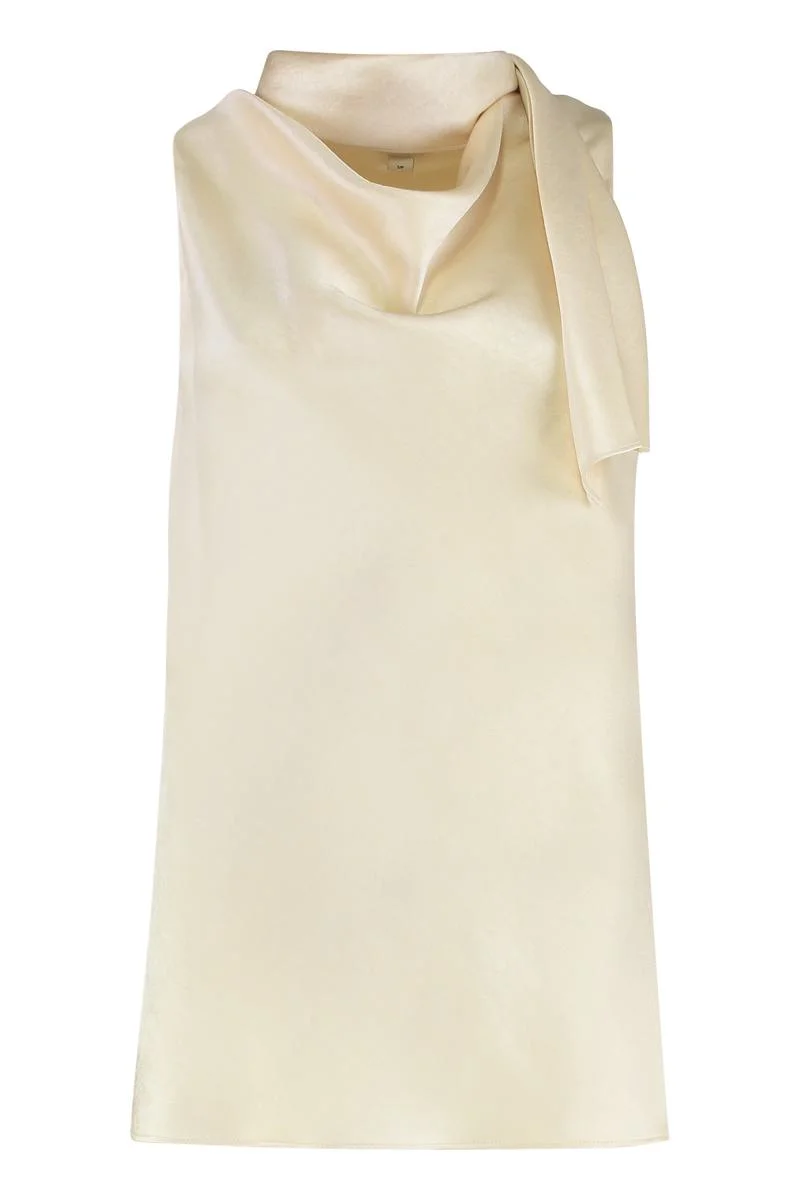 Vince Satin Top With Scarf - 1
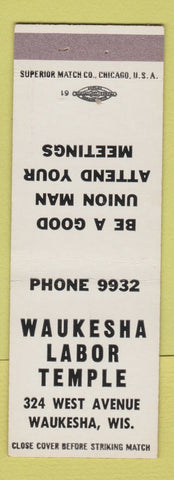 Matchbook Cover - Waukesha Labor Temple WI Union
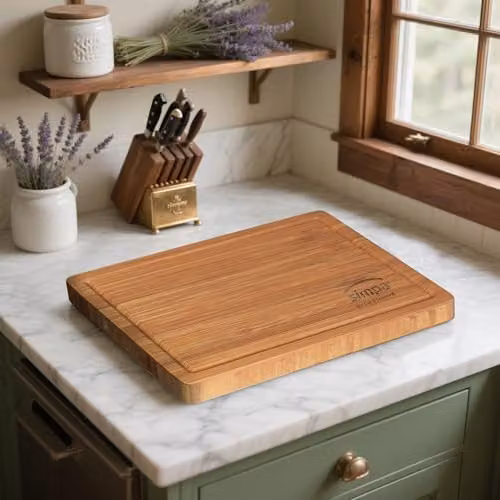 Simpa Set of 2 Pre-Oiled Reversible Bamboo Chopping Boards in Beige, Rectangular with Groove, W: 40 cm x D: 28 cm and W: 33 cm x D: 23 cm – 6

• **Task objective**
Print exactly the line containing "Matchbook Cover - Waukesha" and every line after it through the final line above, and leave all pictures out.

• **Output of the exercise**
 Matchbook Cover - Waukesha Labor Temple WI Union
 Simpa Set of 2 Pre-Oiled Reversible Bamboo Chopping Boards in Beige, Rectangular with Groove, W: 40 cm x D: 28 cm and W: 33 cm x D: 23 cm – 6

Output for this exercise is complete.